* **TASK DIRECTIONS**
Transcribe exactly the lines from the one holding "So you're Francesco" through the closing line of the entries below. Pictures stay out of the copy.

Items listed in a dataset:
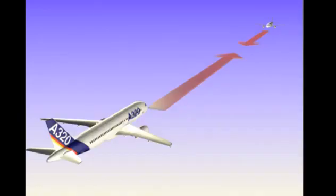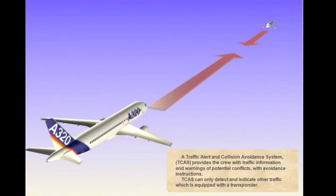A Traffic Alert and Collision Avoidance System, TCAS, provides the crew with traffic information and warnings of potential conflicts, with avoidance instructions. TCAS can only detect and indicate other traffic which is equipped with a transponder.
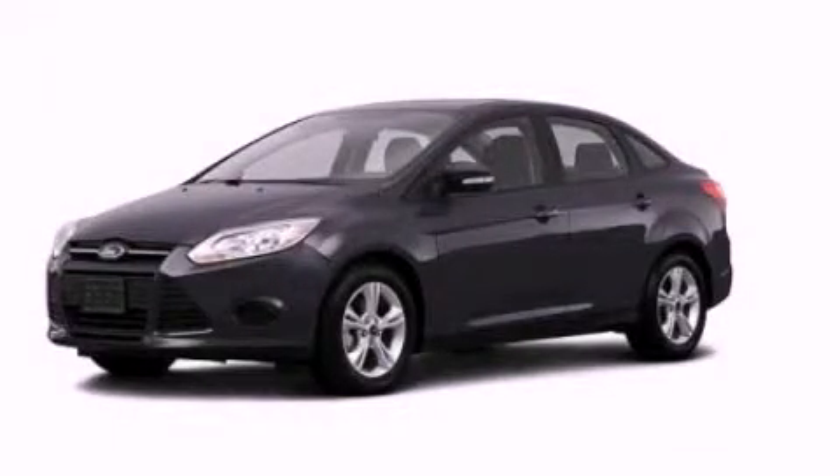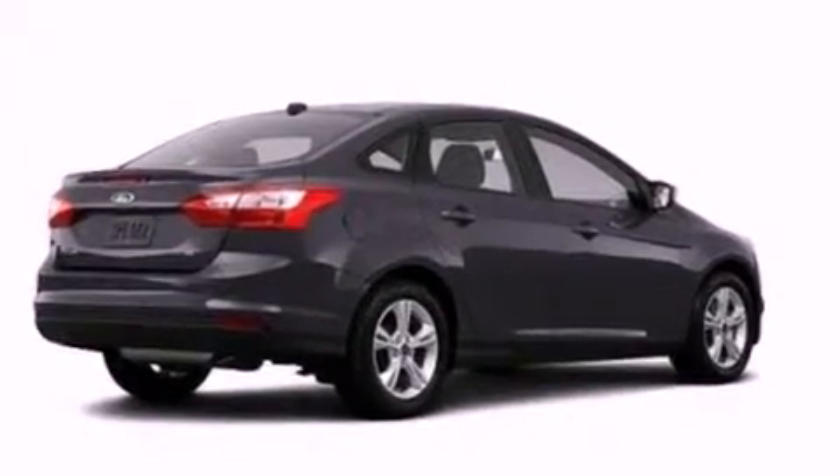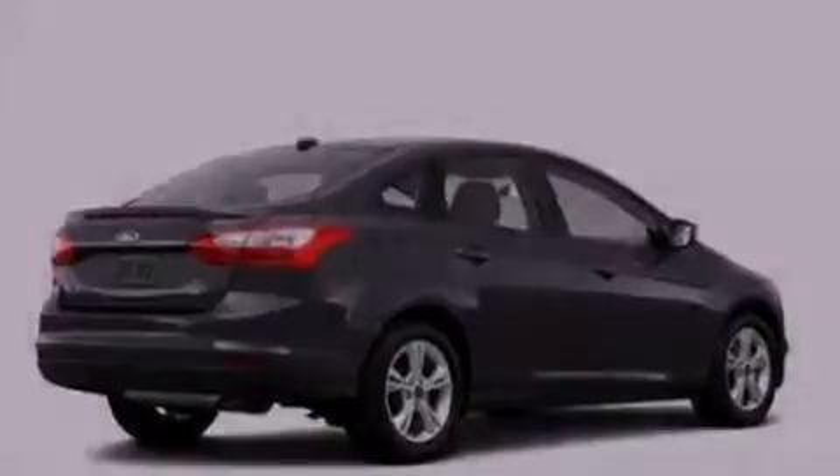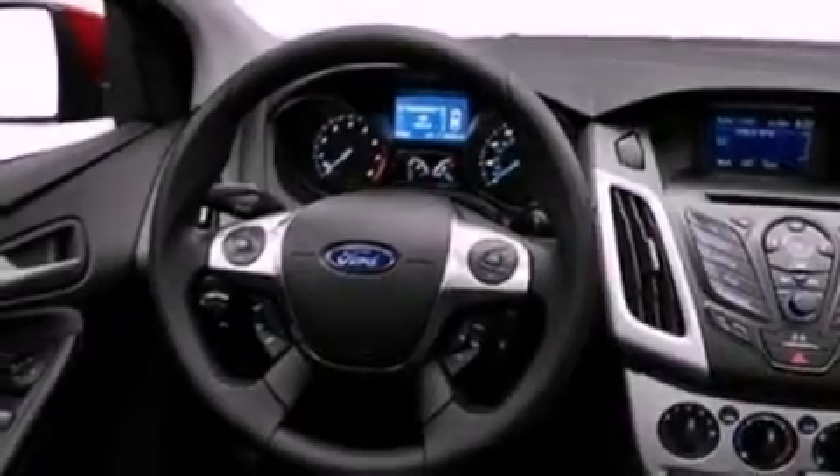This is a brand-new 2013 Ford Focus. It features a 2.0-liter four-cylinder engine and an automatic transmission. Features include a low-tire pressure indicator, traction control and stability control systems, and cruise control.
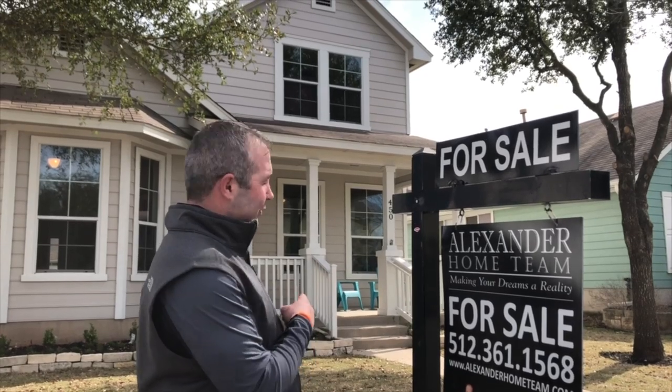Hey everybody, this is Brad Alexander with the Alexander Home Team, and I have a Valentine special just perfect for you folks. This house is amazing — it's got the wow factor and everything in it is brand new, from new sod to new paint to new floors to new lights. This house has it all, and we're sitting on a third of an acre in the Plum Creek subdivision. Let's go take a look!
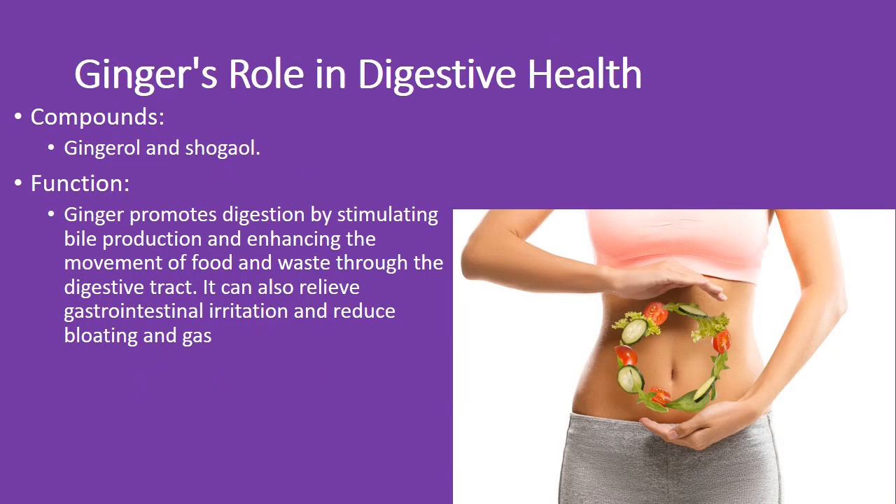Quick guide on ginger's benefits for digestion. Gingerol and shogaol are the stars here. They help your digestion by stimulating bile production and speeding up the movement of food through your digestive tract. Plus, they soothe gastrointestinal irritation and cut down on bloating and gas.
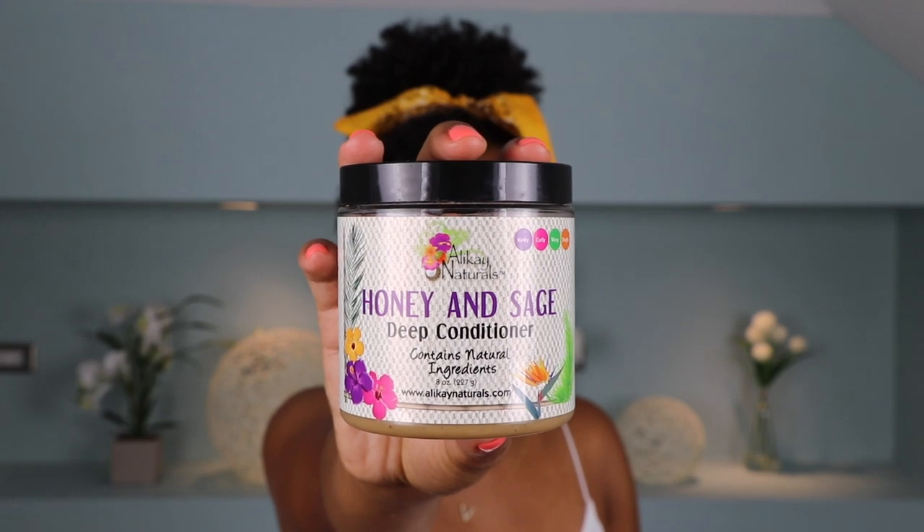If you are struggling to maintain moisture in your curls in the summer heat, you might need to consider deep conditioning more often or just using a more intense deep conditioner that jam-packs your hair with more moisture. My typical Sunday wash day deep conditioner is my Heaven In Hair Mask by DevaCurl. But when my hair needs to take it a step further — if I notice my hair is frizzy and just feels off — I will then step it up with my Honey and Sage Deep Conditioner by Allie K. Naturals.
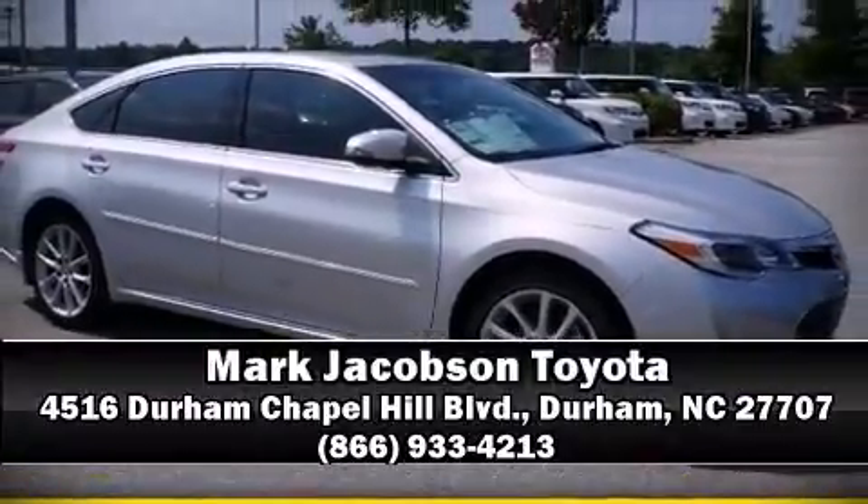A Carfax History Report provides you peace of mind by detailing information related to past owners and service records. Stop by our dealership or give us a call for more information.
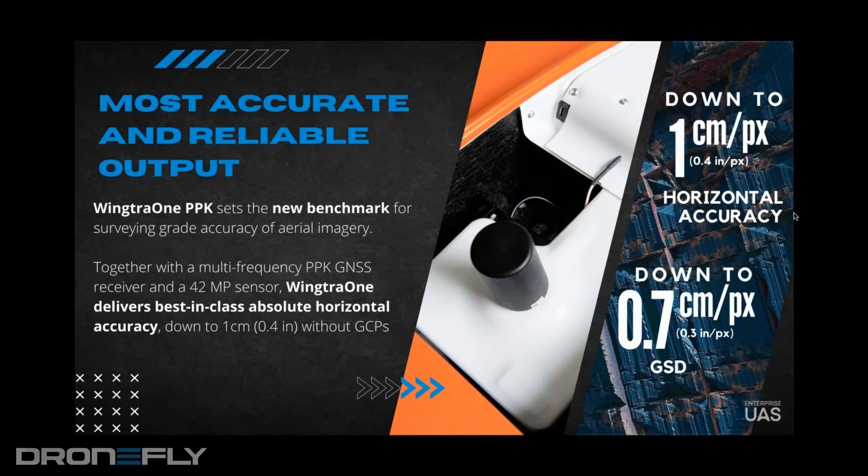It comes down to the resolution of the camera. The higher the resolution, the higher the accuracy. With our 42 megapixel sensor, it's extremely accurate. We can adjust the different flight heights to increase or decrease the ground sampling distance. What's nice about the project planning software is you enter in what you want the ground sampling distance to be and it tells you what the flight height will be, so you don't have to do any conversions.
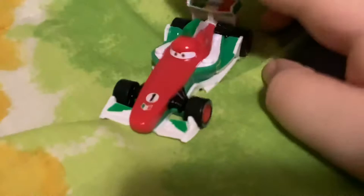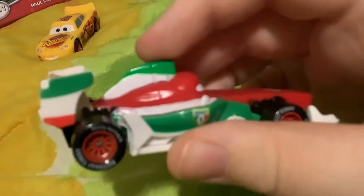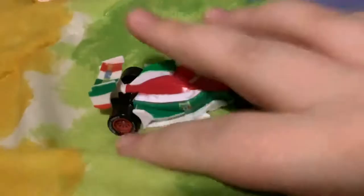So you're Francesco Benoia? He raced in Italy. He's got the tires right here. It says Pasta Portretta. He was in Italy, of course. That's where it says World Grand Prix. That's the green, the yellow, and the red everywhere. As it says, number one.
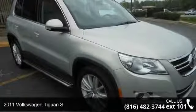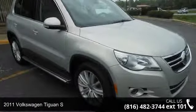Check out this 2011 Volkswagen Tiguan S. This may be the set of wheels you've been looking for.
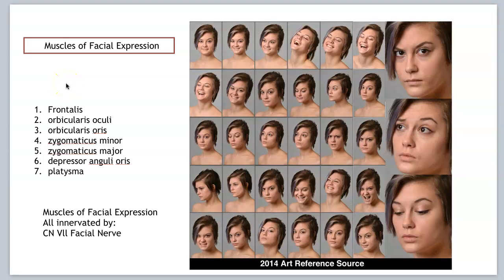Hi class, this is your first video on skeletal muscles, so make sure you have worksheet number one out and your master list. We're going to be starting with muscles of facial expression.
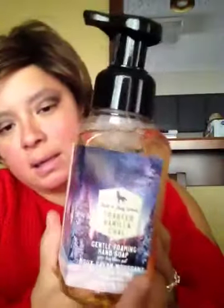This one is called Toasted Vanilla Chai. All the soaps have tea tree oil inside. And the last one is called Frosted Cranberry.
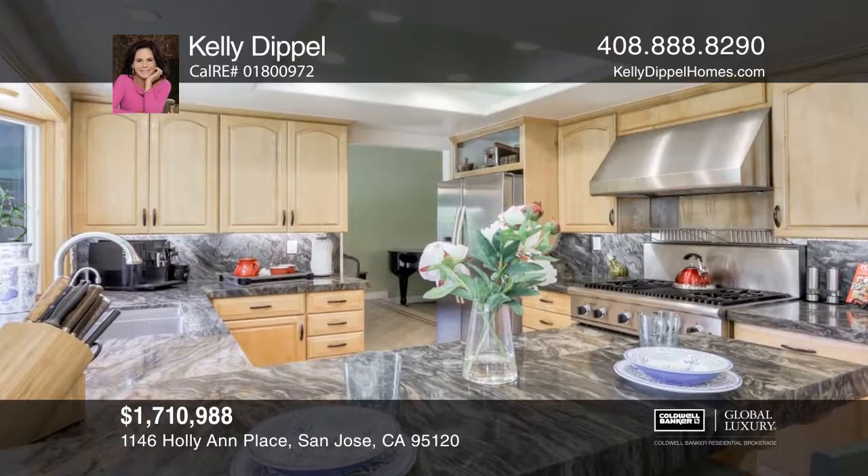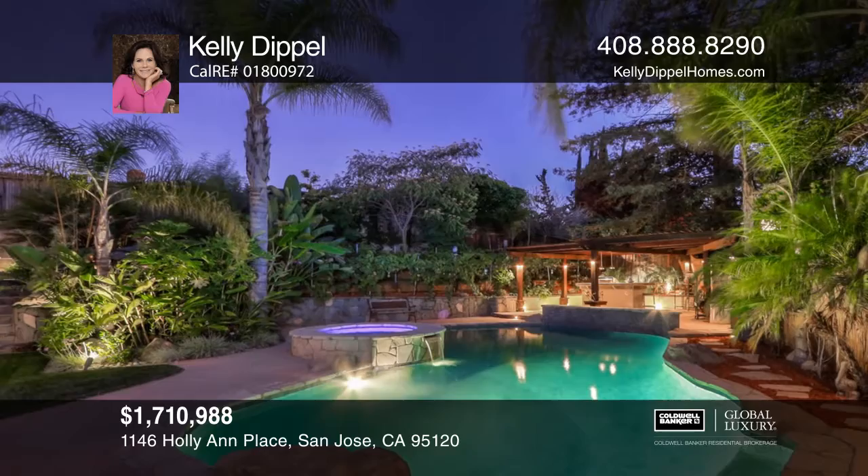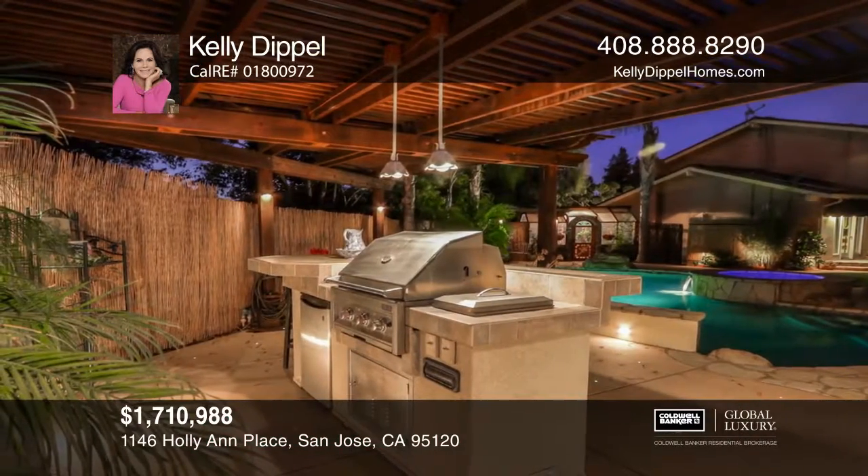This home sits on a spacious lot that is designed for entertaining, and it has a saltwater pool, a hot tub, a koi pond, a bocce court, and an outdoor barbecue kitchen.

* **SOLUTION**
So you're Francesco Benoia? He raced in Italy. He's got the tires right here. It says Pasta Portretta. He was in Italy, of course. That's where it says World Grand Prix. That's the green, the yellow, and the red everywhere. As it says, number one.
Check out this 2011 Volkswagen Tiguan S. This may be the set of wheels you've been looking for.
Hi class, this is your first video on skeletal muscles, so make sure you have worksheet number one out and your master list. We're going to be starting with muscles of facial expression.
This one is called Toasted Vanilla Chai. All the soaps have tea tree oil inside. And the last one is called Frosted Cranberry.
This home sits on a spacious lot that is designed for entertaining, and it has a saltwater pool, a hot tub, a koi pond, a bocce court, and an outdoor barbecue kitchen.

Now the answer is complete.